RECORDS SHOWN section start
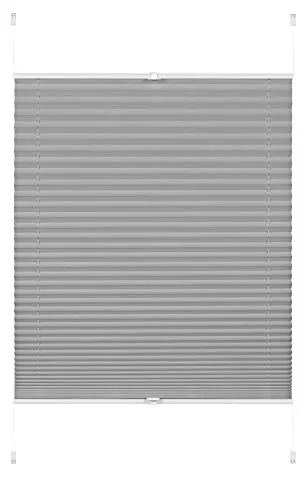 Produktbild GARDINIA Plissee ohne Bohren, Zum Klemmen, Blickdicht, Falt-Rollo zur Verdunklung, Sichtschutz, Verstellbar von 6 mm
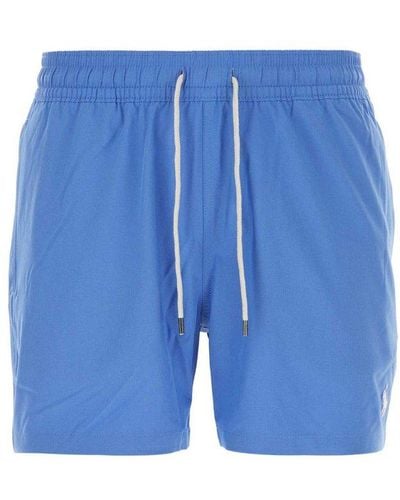 Polo Ralph Lauren Traveller Drawstring Swim Shorts - Blue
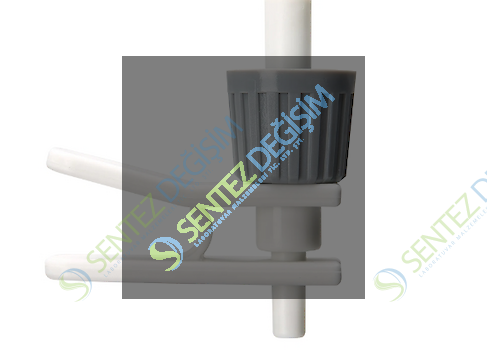 DLAB Vakumlu Aspirasyon Sistemleri Aksesuarları Retrüzyon Uç Adaptörü 200μl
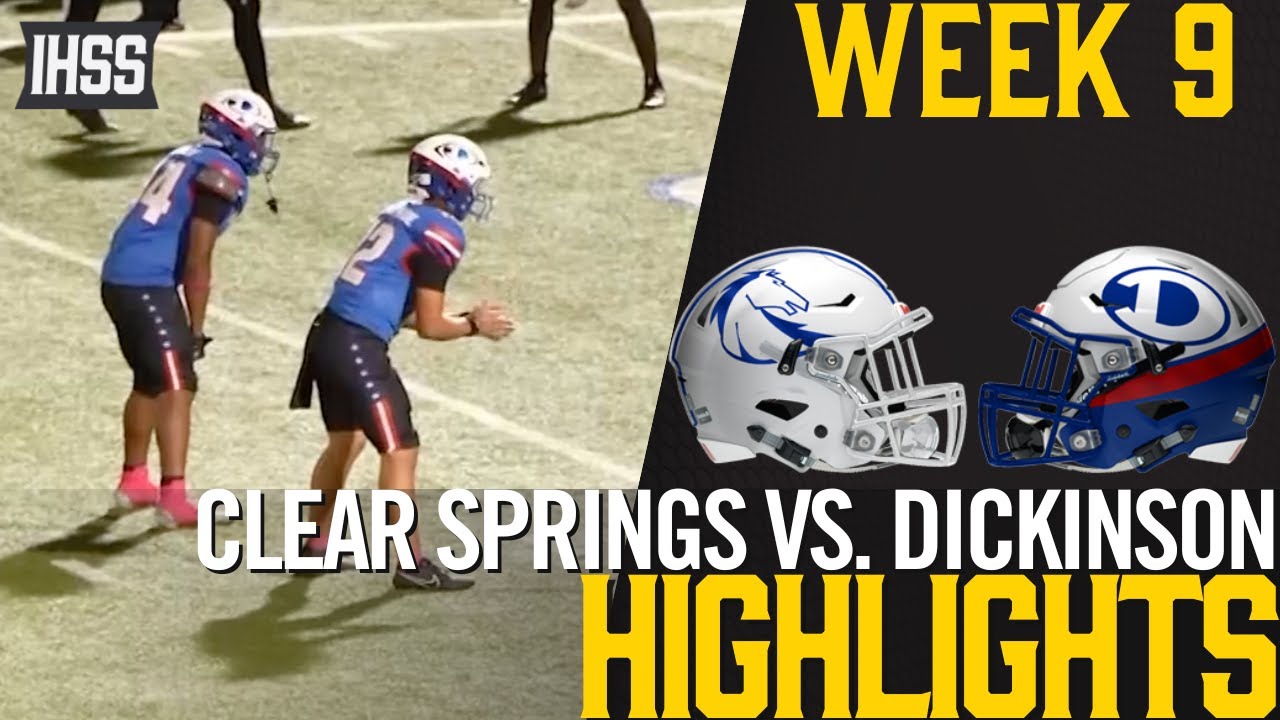 Dickinson Dominates Clear Springs 45-7 in 24-6A Showdown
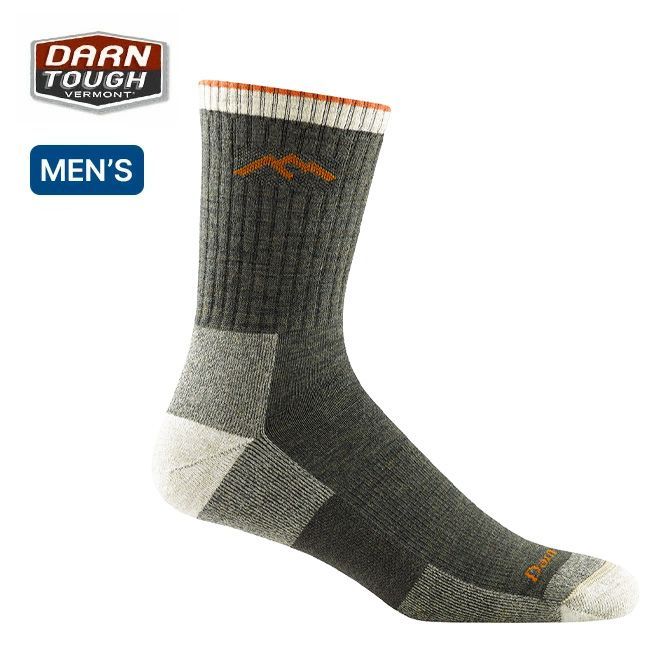 【新品】Darn Tough ダーンタフ ハイカーマイクロクルーミッドウェイトウィズクッション メンズ オリーブ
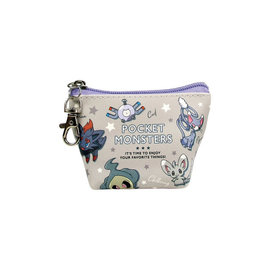 ShoPro Wallet - Pokémon Pocket Monsters - "Gray Team" Small Triangle Coin Pouch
RECORDS SHOWN section end
## THE PROBLEM
From the line containing "Dickinson Dominates Clear" through the last line of the listing, inclusive, transcribe every line exactly and nothing else; the pictures stay out.

## RESPONSE BELOW
 Dickinson Dominates Clear Springs 45-7 in 24-6A Showdown
 【新品】Darn Tough ダーンタフ ハイカーマイクロクルーミッドウェイトウィズクッション メンズ オリーブ
 ShoPro Wallet - Pokémon Pocket Monsters - "Gray Team" Small Triangle Coin Pouch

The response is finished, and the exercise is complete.